Published February 14, 2026 | Version v1
Preprint Open

Processual Memory Architecture: A Transformation-Based Framework for Verifiable Computation and Safety-by-Construction AGI

Authors/Creators

  • 1. Luminareware LLC

Description

We present Processual Memory Architecture (PMA), a computational framework that unifies 
data storage and computation by representing all information as transformation functions rather 
than static state, rendering the traditional ontological distinction between them architecturally 
unnecessary. In PMA, storing information means encoding it as a mathematical transformation 
that produces the data when applied to a standardized canonical input; reading means applying the 
transformation; and computing means composing transformations.
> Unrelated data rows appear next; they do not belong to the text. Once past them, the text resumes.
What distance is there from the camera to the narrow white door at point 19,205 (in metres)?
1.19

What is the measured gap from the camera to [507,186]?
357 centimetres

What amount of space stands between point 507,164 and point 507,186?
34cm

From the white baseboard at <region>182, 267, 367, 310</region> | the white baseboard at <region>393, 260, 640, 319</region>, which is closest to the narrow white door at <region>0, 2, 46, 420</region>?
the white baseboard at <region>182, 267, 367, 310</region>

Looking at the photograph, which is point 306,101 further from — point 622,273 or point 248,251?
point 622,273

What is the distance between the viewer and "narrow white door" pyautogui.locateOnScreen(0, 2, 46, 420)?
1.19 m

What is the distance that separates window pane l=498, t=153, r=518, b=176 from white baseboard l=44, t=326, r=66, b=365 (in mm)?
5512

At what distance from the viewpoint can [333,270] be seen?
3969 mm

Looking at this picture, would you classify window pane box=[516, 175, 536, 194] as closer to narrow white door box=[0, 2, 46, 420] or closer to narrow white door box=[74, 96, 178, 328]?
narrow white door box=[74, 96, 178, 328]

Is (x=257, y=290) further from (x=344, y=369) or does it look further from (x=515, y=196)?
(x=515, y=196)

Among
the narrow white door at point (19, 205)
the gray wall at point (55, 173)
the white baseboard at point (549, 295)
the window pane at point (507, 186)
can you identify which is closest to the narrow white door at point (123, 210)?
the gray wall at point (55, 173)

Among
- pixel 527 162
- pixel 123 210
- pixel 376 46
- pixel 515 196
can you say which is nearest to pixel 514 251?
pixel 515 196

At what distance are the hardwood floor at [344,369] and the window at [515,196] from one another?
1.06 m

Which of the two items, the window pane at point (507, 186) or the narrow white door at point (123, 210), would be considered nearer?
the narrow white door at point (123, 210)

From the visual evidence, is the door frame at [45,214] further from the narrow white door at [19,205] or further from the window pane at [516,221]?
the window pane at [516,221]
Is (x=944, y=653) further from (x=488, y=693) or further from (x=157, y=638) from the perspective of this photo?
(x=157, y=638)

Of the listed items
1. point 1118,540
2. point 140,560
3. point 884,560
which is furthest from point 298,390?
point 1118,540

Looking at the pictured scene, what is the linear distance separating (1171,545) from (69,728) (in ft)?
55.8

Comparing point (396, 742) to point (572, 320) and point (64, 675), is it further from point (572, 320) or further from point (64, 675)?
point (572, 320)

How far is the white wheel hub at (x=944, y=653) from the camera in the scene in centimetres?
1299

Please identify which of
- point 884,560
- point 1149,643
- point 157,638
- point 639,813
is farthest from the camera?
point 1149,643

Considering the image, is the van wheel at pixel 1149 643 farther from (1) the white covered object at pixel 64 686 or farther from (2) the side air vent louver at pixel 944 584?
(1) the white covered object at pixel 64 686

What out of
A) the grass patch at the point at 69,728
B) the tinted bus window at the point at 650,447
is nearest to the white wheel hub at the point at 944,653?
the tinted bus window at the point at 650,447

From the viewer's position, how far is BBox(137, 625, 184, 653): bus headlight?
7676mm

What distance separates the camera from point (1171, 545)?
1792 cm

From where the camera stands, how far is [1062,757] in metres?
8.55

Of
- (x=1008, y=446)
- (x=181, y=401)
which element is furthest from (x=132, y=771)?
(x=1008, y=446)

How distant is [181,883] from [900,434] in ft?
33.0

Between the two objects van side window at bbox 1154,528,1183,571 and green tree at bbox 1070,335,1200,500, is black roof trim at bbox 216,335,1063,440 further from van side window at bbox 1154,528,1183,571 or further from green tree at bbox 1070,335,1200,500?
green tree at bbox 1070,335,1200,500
This inversion of the 
conventional von Neumann paradigm yields five emergent architectural properties—structural 
auditability, transparent reasoning, enforced constraints, tamper evidence, and reversibility—that 
collectively enable verifiable computation: systems that can mathematically verify the integrity 
and correctness of their own reasoning chains. 
We provide a complete mathematical specification of PMA over Galois fields GF(2k) with round
trip exactness guarantees, constructive algorithms for both invertible and non-invertible encoding 
modes, and a reference permutation-based embodiment with explicit bit-level storage formats. We 
analyze thermodynamic properties under reversible logic implementation, demonstrating that 
PMA operations on adiabatic substrates can approach within 10× of the Landauer limit at the local
node level. We then present the integration architecture for PMA with artificial general intelligence 
(AGI) safety frameworks, showing how transformation-based reasoning enables safety constraints 
that are structural rather than advisory—creating systems where unsafe behavior is 
computationally undefined rather than merely prohibited. We discuss applications to financial 
auditing, medical AI verification, and autonomous systems governance, and compare PMA's 
approach to verifiable computation with existing paradigms including blockchain, zero-knowledge 
proofs, and mechanistic interpretability.